TASK STATEMENT
From the data that follows, set down exactly the lines from the one with "Uma piscina cristalina" through the one with "similar food product.", counting both. Pictures stay out.

RECORD EXTRACTS
────────────────

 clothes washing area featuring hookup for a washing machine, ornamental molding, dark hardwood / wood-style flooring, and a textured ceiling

────────────────

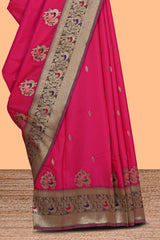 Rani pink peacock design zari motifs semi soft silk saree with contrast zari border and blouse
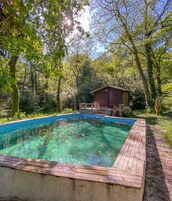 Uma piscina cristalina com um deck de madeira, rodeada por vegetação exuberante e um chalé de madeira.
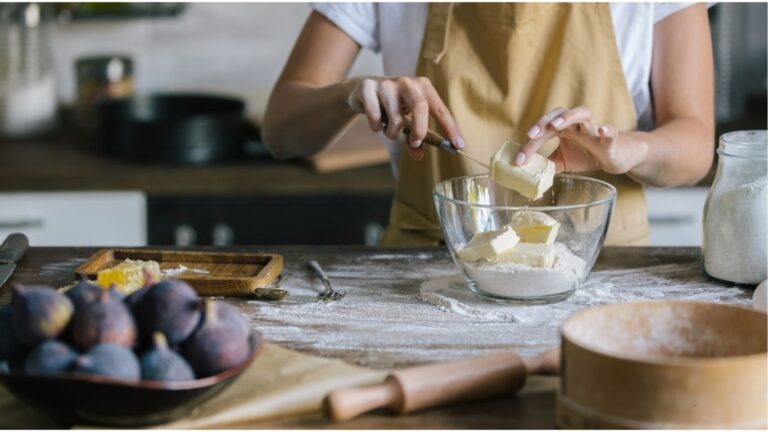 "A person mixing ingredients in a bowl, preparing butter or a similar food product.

────────────────

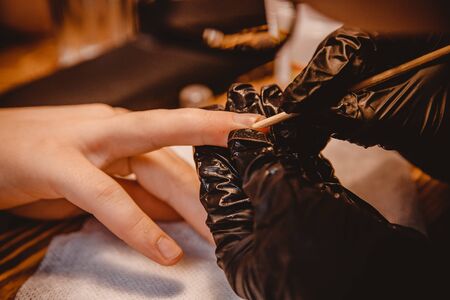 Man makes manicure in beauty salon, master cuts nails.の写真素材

────────────────

RESULT BELOW
 Uma piscina cristalina com um deck de madeira, rodeada por vegetação exuberante e um chalé de madeira.
 "A person mixing ingredients in a bowl, preparing butter or a similar food product.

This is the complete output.